#### SOURCE MATERIAL
*****
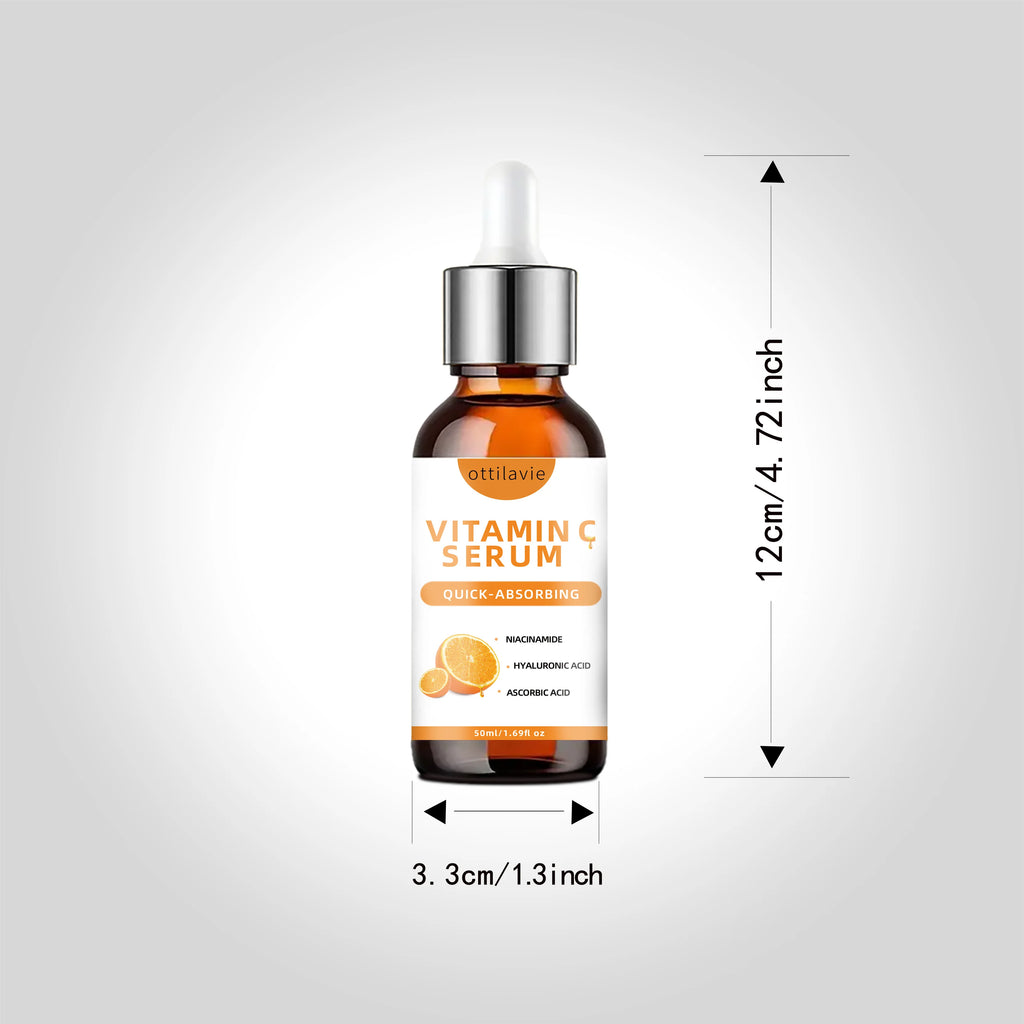Sérum Vitamine C hydrate et illumine la peau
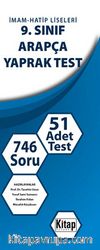 9. Sınıf Arapça Yaprak Test / İmam-Hatip Liseleri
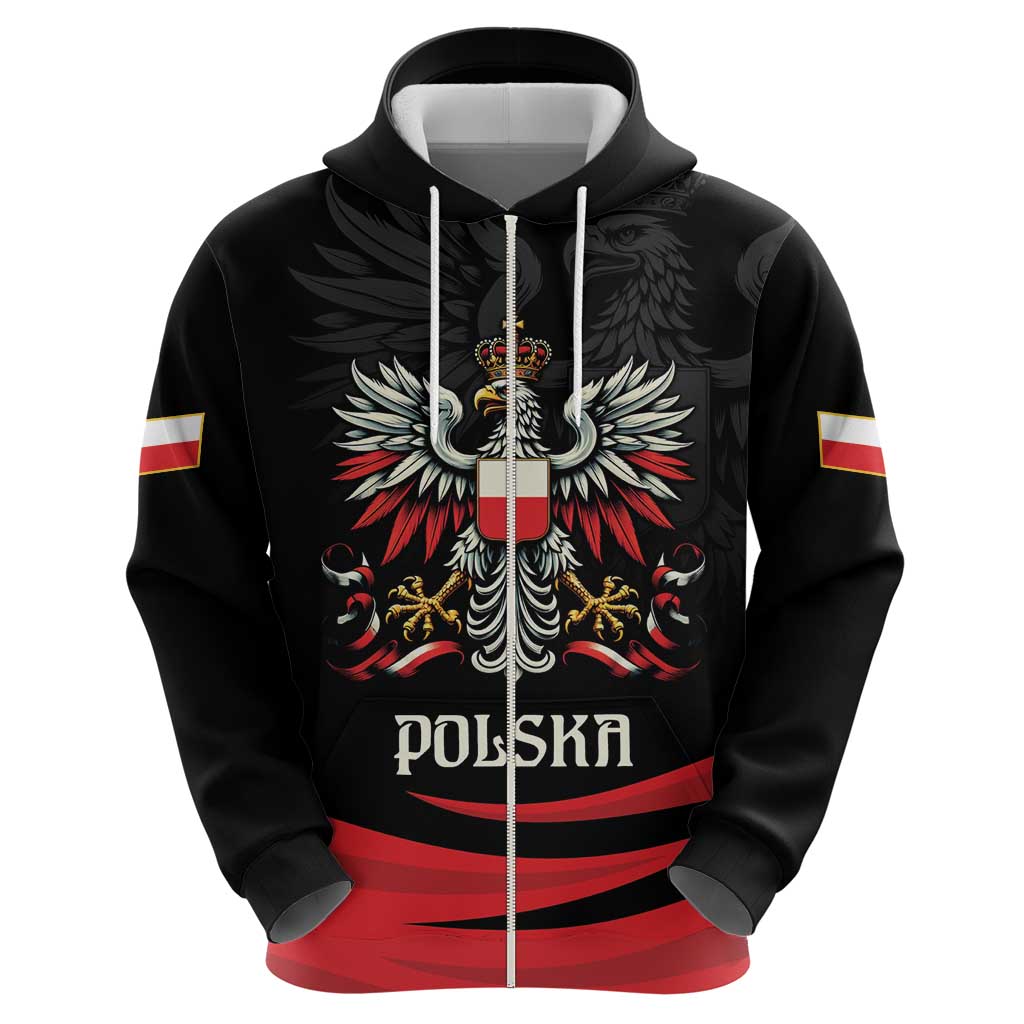 Poland National Flag Day Personalized Hoodie Polsk Eagle Proud to be Poland LT9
*****
#### TASK INSTRUCTIONS
Nothing but the pictures is to be left out; repeat the data exactly.

#### EXERCISE ANSWER
Sérum Vitamine C hydrate et illumine la peau
 9. Sınıf Arapça Yaprak Test / İmam-Hatip Liseleri
 Poland National Flag Day Personalized Hoodie Polsk Eagle Proud to be Poland LT9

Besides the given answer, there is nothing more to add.